Anyway, he played some high stuff for us and began to talk about how lead playing is not just range and power. He said that if you look up the word "lead" in the dictionary, you'll find a definition closer to the definition of a true lead player. In fact, he talked about Snookie Young and players like him a great deal with an evident HUGE respect, and mentioned that Bill Chase was the first player to have stuff written in the lead book which demanded both high chops, and lead playing (as opposed to bands like Kenton and Ellington where there was an altissimo trumpet player, and a lead player). He talked about other lead players (many I had never heard of), and said that he tries to use various players as examples for his own playing which he adjusts depending on the style of the band and time period, etc.
He mentioned that that double-D in the first track of Harry Connick's Blue Light CD was actually written for him, and not an opt 8va, and shared anecdotes of his time with Maynard, Woody Herman, etc. I learned that there is much more to lead playing than just being a throttle-it-to-the-wall blowhard. He spoke of playing with taste.

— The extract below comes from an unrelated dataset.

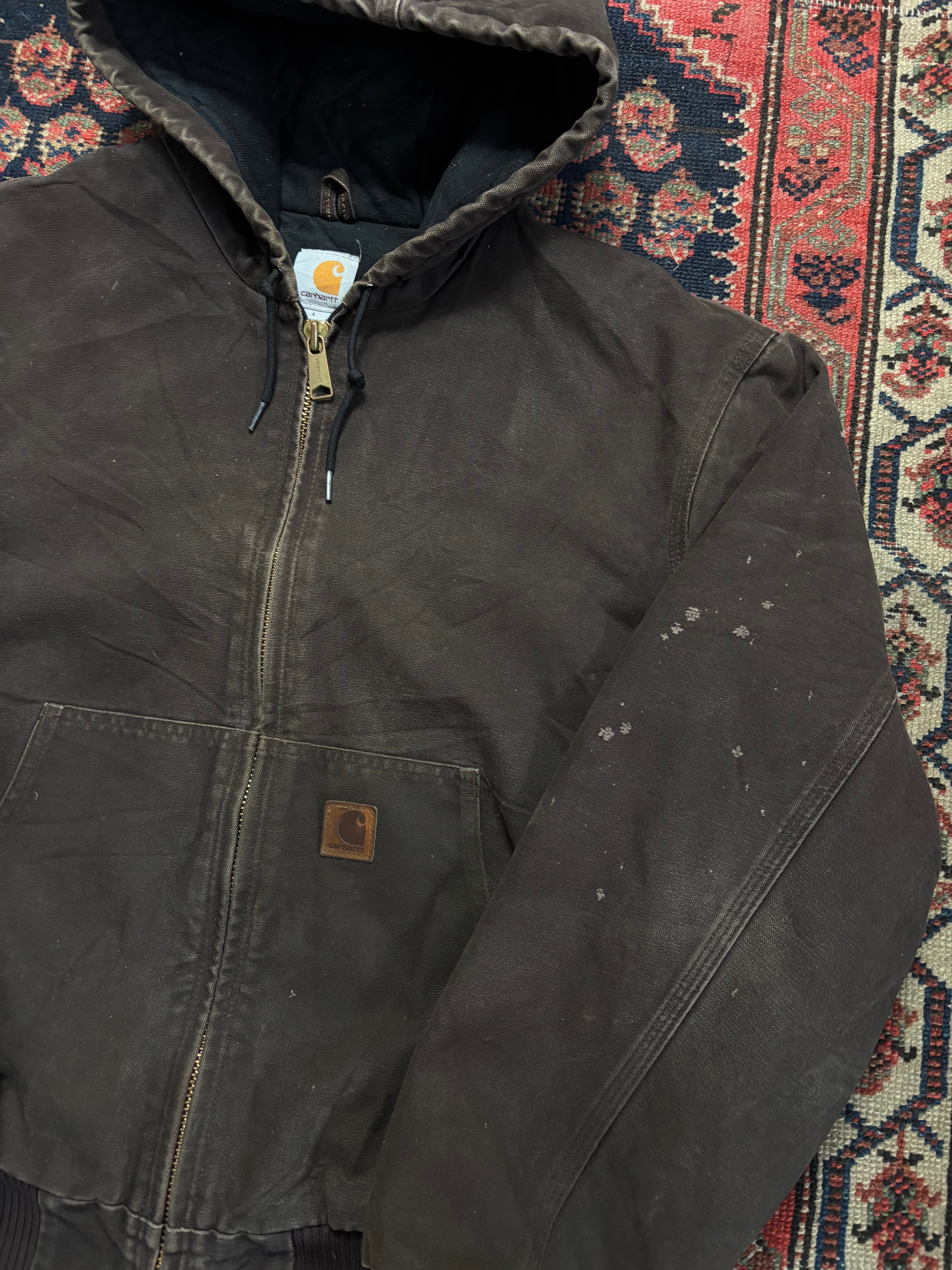 VINTAGE FADED BROWN HOODED CARHARTT JACKET SIZE LARGE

Roger is also a mouthpiece switcher.. he uses 3 or 4 different pieces depending on the work he has to do. He said that he would NOT play third trumpet with his lead piece because the bright sound he gets on his lead piece is downright "rude" to the lead player.. when asked (by me) when one should experiment with MP switching, he said "when you can play all of Arbans" and snickered. I guess in retrospect it wasn't' a great question since he does not know my playing or level of intellect and understanding of the horn. I know guys who furiously switch pieces trying to find quick fixes to everything. I thought it was cool that he emphasized on PRACTICE more so than equipment, and other such razzmatazz...
He said that Maynard used to love little tinker toys and had a nickname which I can't recall at this point, and loved the Blues Brothers movie... it was interesting hearing stories about a hero of mine on a personal level.... speaking of Maynard, I asked him something about Footpath Cafe in regards to MF's playing and he said that that album was something that was whipped up in 3 hours in some place in Belgium, and MF was simply having a bad day. He felt the CD should have never been released, but as logistics have it, it was.
He said that when he was young, he'd practice for 4 hours in his backyard with an old horn he bought in a pawnshop w. a mouthpiece made out of pure brass (at this point he knew VERY little about the trumpet), but eventually could play a double-A when he was 16 and became "obsessed" with his high range. He believes that anybody can learn to play a double-C and beyond.
He briefly demonstrated the Bobby Shew breathing system (the wedge) and said that he feels that using the wedge in the lower register is optional, but it is possible to use the wedge and play w/o tension. He made it clear that this, and his other teachings, is what works for HIM, and he's sure there are other ways to do the job.
In regards to teeth, he said that he has seen many people with bad teeth who could play well, and many people with perfect teeth (I think Bud Brisbois was an example) who could play. He also mentioned about a trombone player who chipped his tooth and instantly added range. He basically was saying that teeth are somewhat a mystery to him.
He mentioned that he is a big fan of principal symphonic trumpet players, but said that playing classical is not his bag...
Anyway, I hope you find this as interesting as it was for me.....!!